Jason A. Donenfeld (10):
  random: use sched_clock() for random_get_entropy() if no get_cycles()
  m68k: use sched_clock() for random_get_entropy() instead of zero
  riscv: use sched_clock() for random_get_entropy() instead of zero
  mips: use sched_clock() for random_get_entropy() instead of zero
  arm: use sched_clock() for random_get_entropy() instead of zero
  x86: use sched_clock() for random_get_entropy() instead of zero
  arm64: use sched_clock() for random_get_entropy() instead of zero
  um: use sched_clock() for random_get_entropy() instead of zero
  sparc: use sched_clock() for random_get_entropy() instead of zero
  xtensa: use sched_clock() for random_get_entropy() instead of zero

 arch/arm/include/asm/timex.h      | 11 +++++++++++
 arch/arm64/include/asm/timex.h    |  9 +++++++++
 arch/m68k/include/asm/timex.h     |  4 +++-
 arch/mips/include/asm/timex.h     |  3 ++-
 arch/riscv/include/asm/timex.h    |  3 ++-
 arch/sparc/include/asm/timex_32.h |  4 +---
 arch/um/include/asm/timex.h       |  9 ++-------
 arch/x86/include/asm/tsc.h        | 11 +++++++++++
 arch/xtensa/include/asm/timex.h   |  6 ++----
 include/linux/timex.h             |  6 ++++++
 10 files changed, 49 insertions(+), 17 deletions(-)

Thomas Gleixner April 9, 2022, 11:29 p.m. UTC | #1

Jason,

On Fri, Apr 08 2022 at 20:21, Jason A. Donenfeld wrote:
> Sometimes the next best thing is architecture-defined. For example,
> really old MIPS has the CP0 random register, which isn't a cycle
> counter, but is at least something. However, some platforms don't even
> have an architecture-defined fallback. In that case, what are we left
> with?
>
> By my first guess, we have ktime_get_boottime_ns(), jiffies, and
> sched_clock(). It seems like sched_clock() has already done a lot of
> work in being always available with some incrementing value, falling
> back to jiffies as necessary. So this series goes with that as a
> fallback, for when the architecture doesn't define random_get_entropy in
> its own way and when there's no working cycle counter.

sched_clock() is a halfways sane option, but yes as Arnd pointed out:

> Another option would be falling back to different things on different
> platforms. For example, Arnd mentioned to me that on m68k,
> ktime_get_ns() might be better than sched_clock(), because it doesn't
> use CONFIG_GENERIC_SCHED_CLOCK and therefore is only as good as
> jiffies.

ktime_get_ns() or the slightly faster variant ktime_get_mono_fast_ns()
are usable. In the worst case they are jiffies driven too, but systems
with jiffies clocksource are pretty much museum pieces.

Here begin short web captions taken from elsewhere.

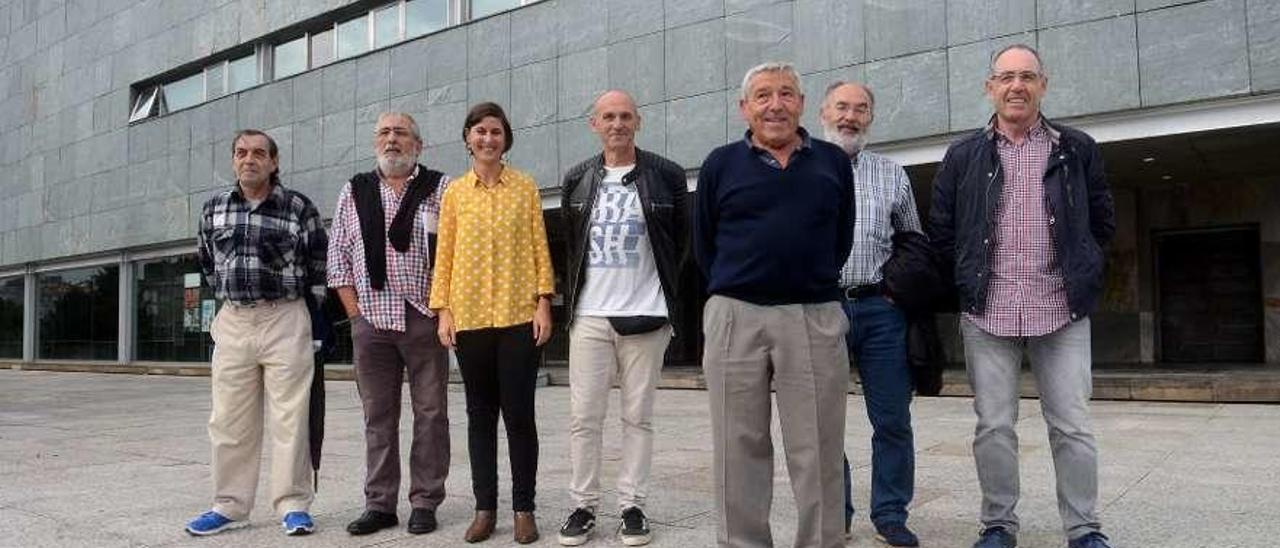 Miembros de la junta rectora de la mancomunidad de montes y el presidente gallego. // Noé Parga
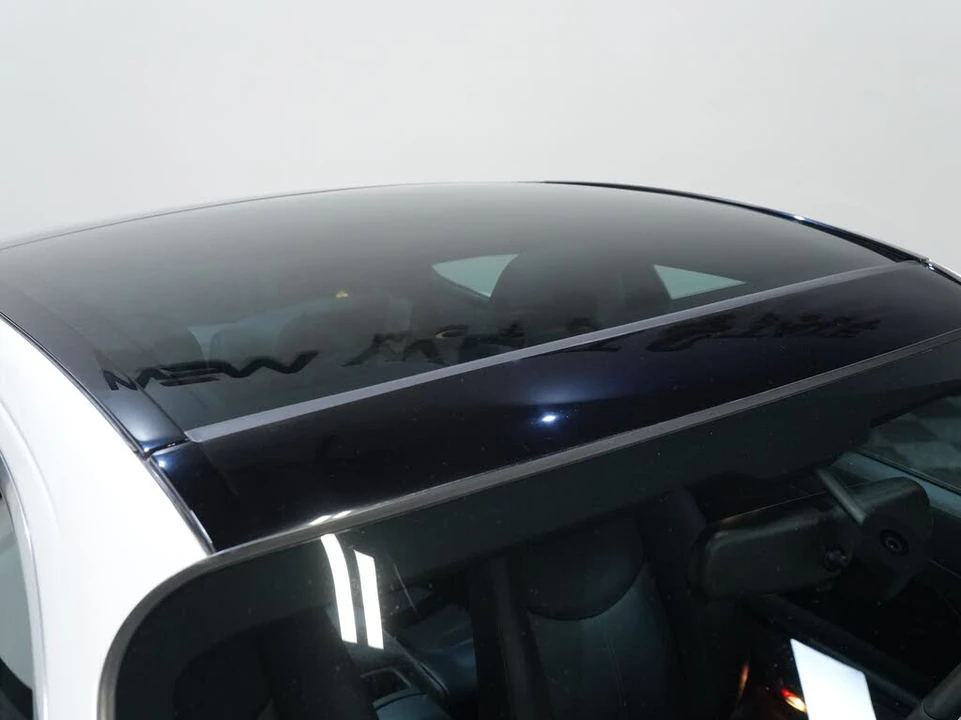 2010 Porsche 997 Targa - Image 13 of 31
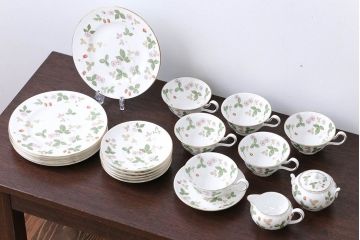 アンティーク雑貨　ウエッジウッド・ワイルドストロベリー　ティーセット(定価104760円)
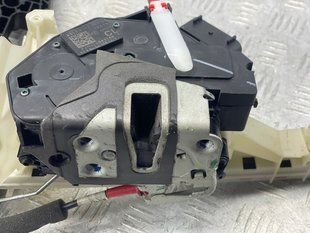 Замок передніх дверей AE8A5421813CF Ford Edge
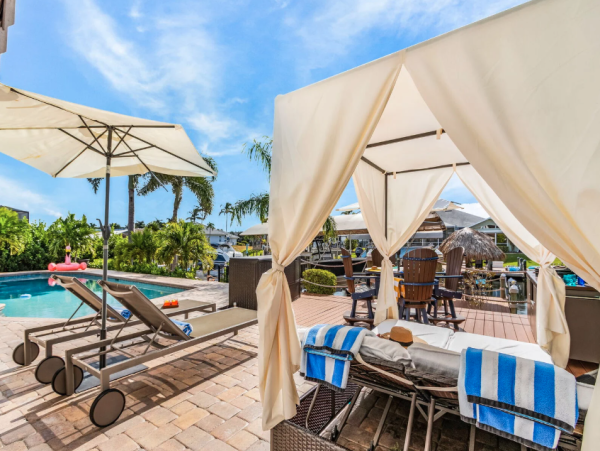 Ultimate Cape Coral Getaway - Luxury 3-Bedroom Pool Home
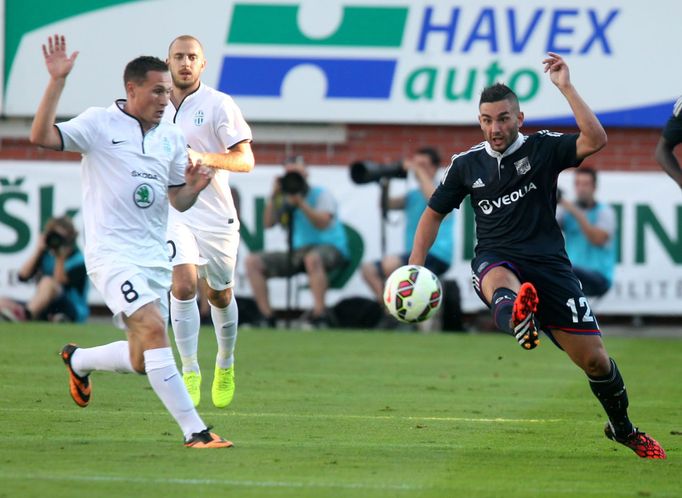 Fotbal, EL, Mladá Boleslav-Lyon: Jan Bořil - Jordan Ferri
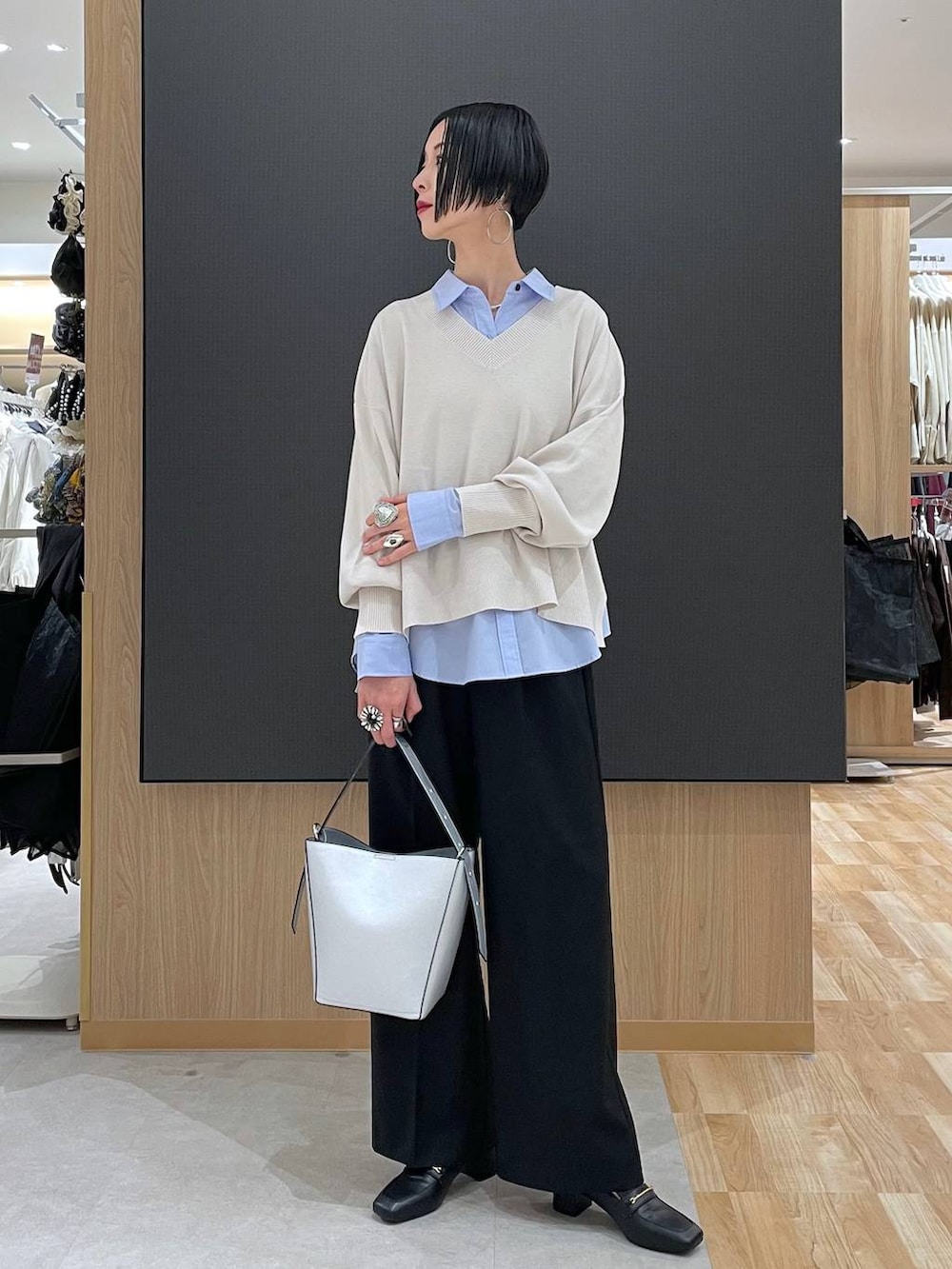 ブラック系のローファー、シルバー系のショルダーバッグ、その他のチェスターコートを着用したレディースの冬コーディネートの6枚目の写真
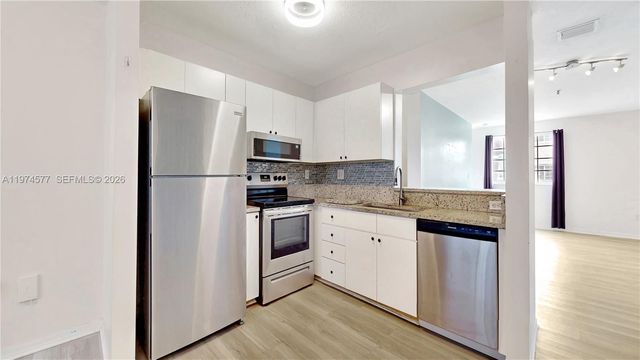 12015 SW 14th St 312-C, Miami, FL 33184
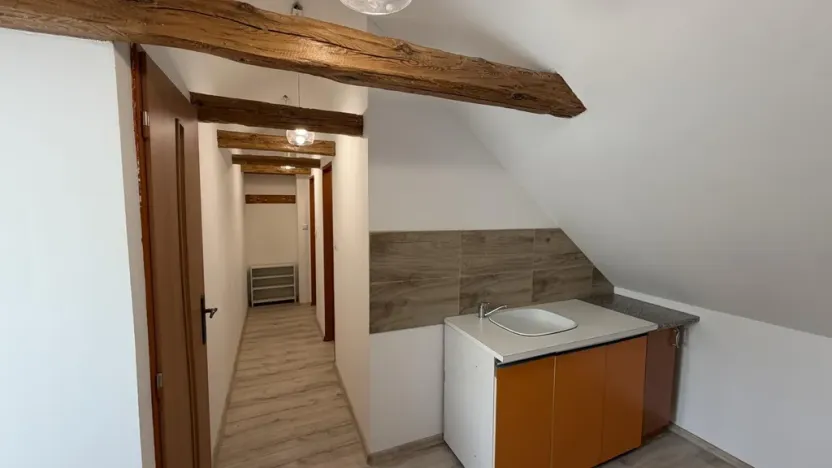 Pronájem bytu 2+1, Kochánky, 40 m2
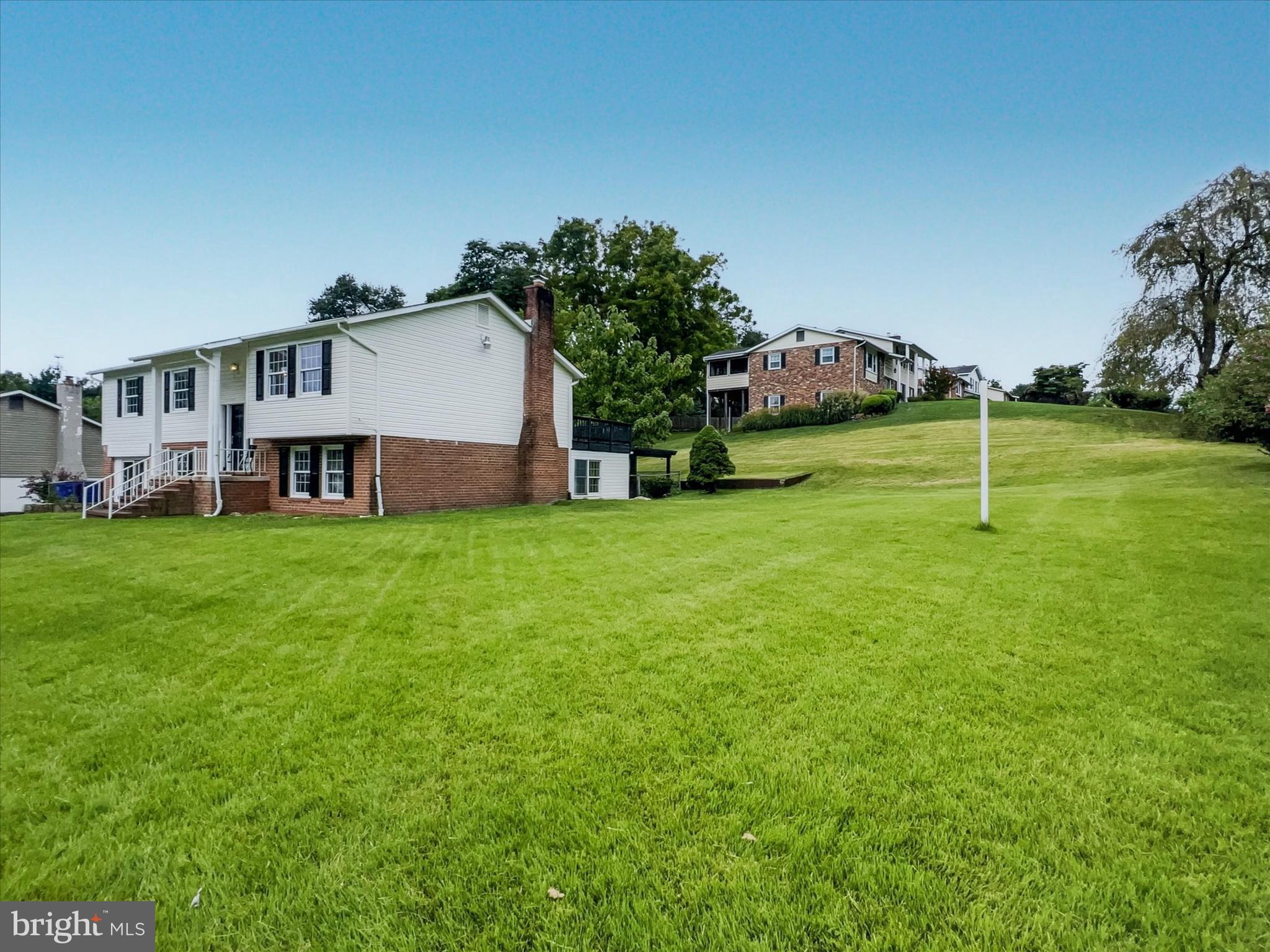 WILTON ACRES - Residential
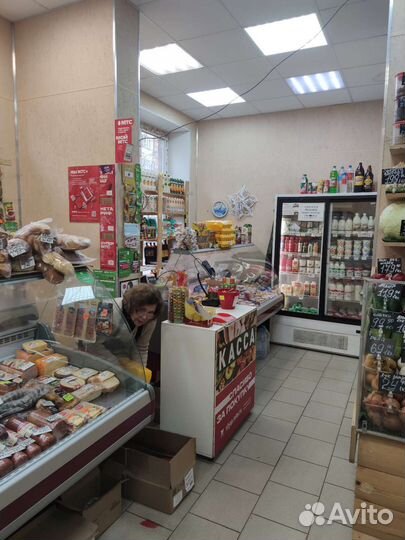 Холодильная витрина бу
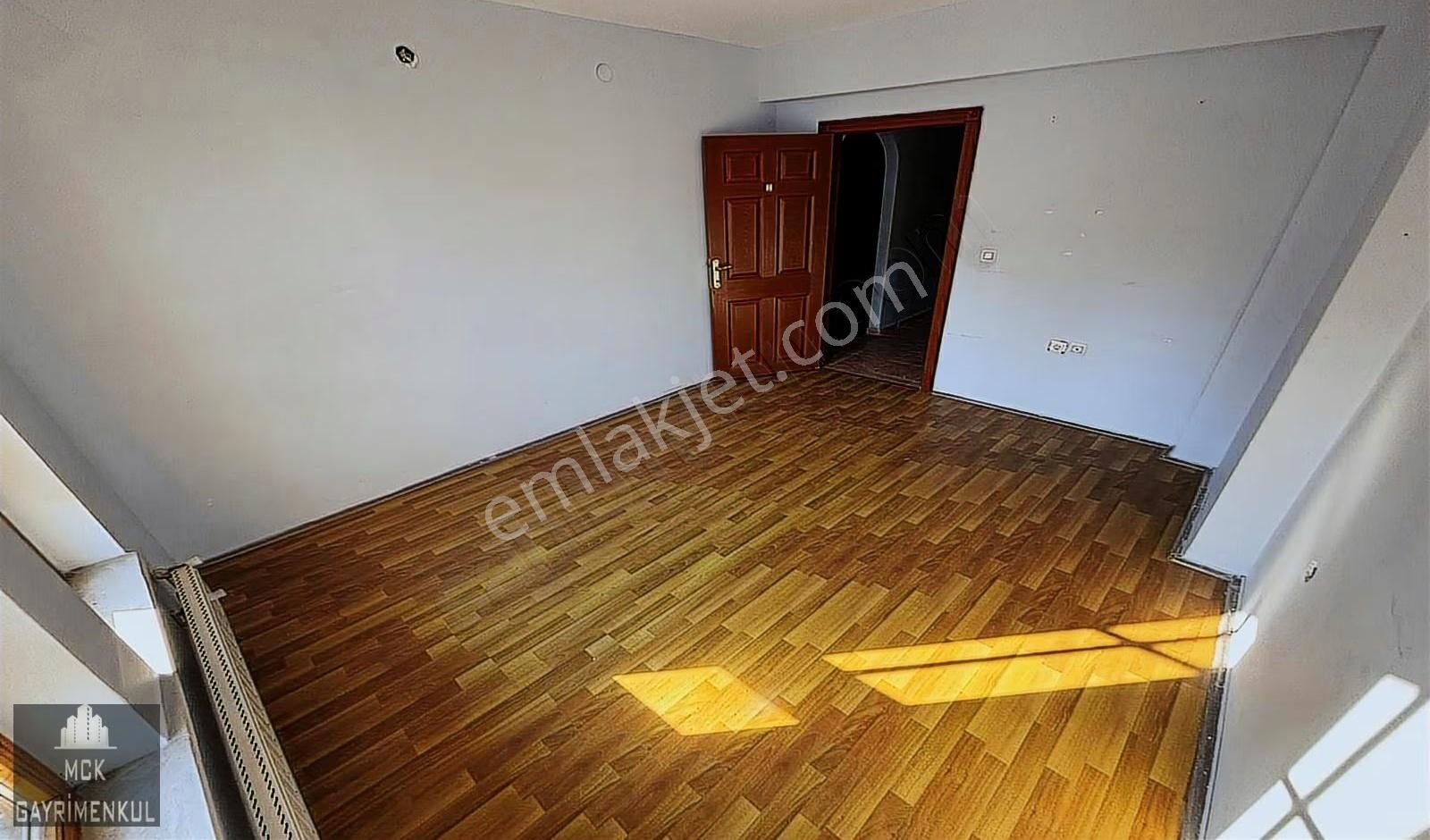 Mck'dan Bölük Caddesi Yakını Katta Masrafsız 3+1 Daire - Görsel 9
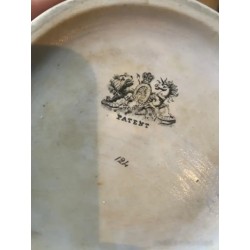 Jarra de Porcelana Victoriana con Relieve Clásico - Pieza de Colección Inglesa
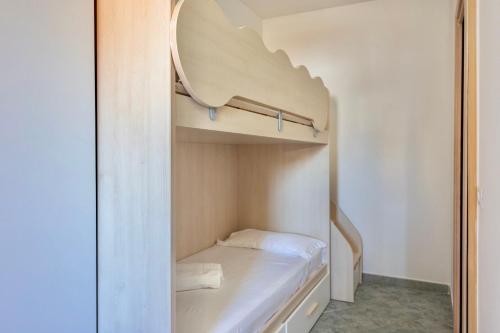 a small room with a bunk bed in it at Trilocale - Via Pisa in San Teodoro
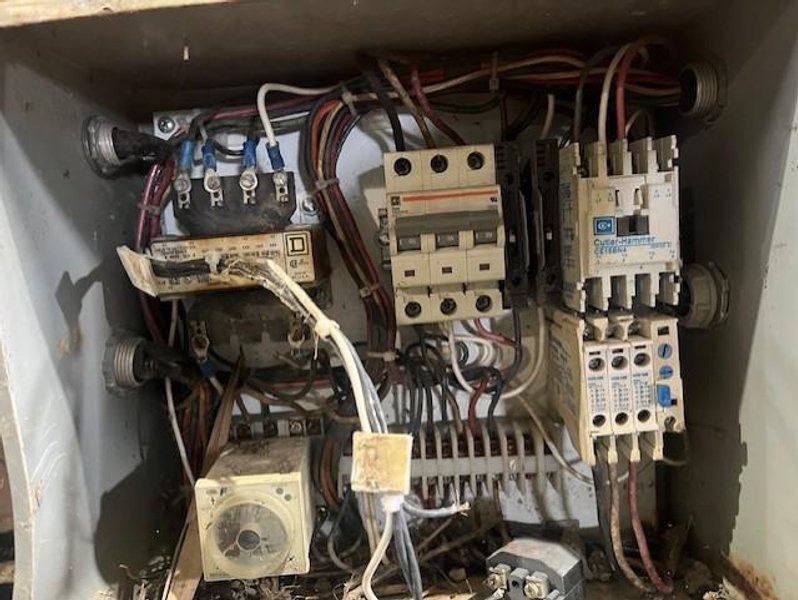 12,000# SOUTHWORTH UPENDER / TIPPER STOCK# 3825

It's slightly slower than get_cycles() and a get_cyles() based
sched_clock(), but you get the most granular clock of the platform
automatically, which has it's charm too :)

The bad news is that depending on the clocksource frequency the lower
bits might never change. Always true for clocksource jiffies.
sched_clock() has the same issue.

But the below uncompiled hack gives you access to the 'best' clocksource
of a machine, i.e. the one which the platform decided to be the one
which is giving the best resolution. The minimal bitwidth of that is
AFAICT 20 bits. In the jiffies case this will at least advance every
tick.

The price, e.g. on x86 would be that RDTSC would be invoked via an
indirect function call. Not the end of the world...

Thanks,

        tglx
---
--- a/kernel/time/timekeeping.c
+++ b/kernel/time/timekeeping.c
@@ -646,6 +646,11 @@ static void halt_fast_timekeeper(const s
 	update_fast_timekeeper(&tkr_dummy, &tk_fast_raw);
 }

+u32 ktime_read_raw_clock(void)
+{
+	return tk_clock_read(&tk_core.timekeeper.tkr_mono);
+}
+
 static RAW_NOTIFIER_HEAD(pvclock_gtod_chain);

 static void update_pvclock_gtod(struct timekeeper *tk, bool was_set)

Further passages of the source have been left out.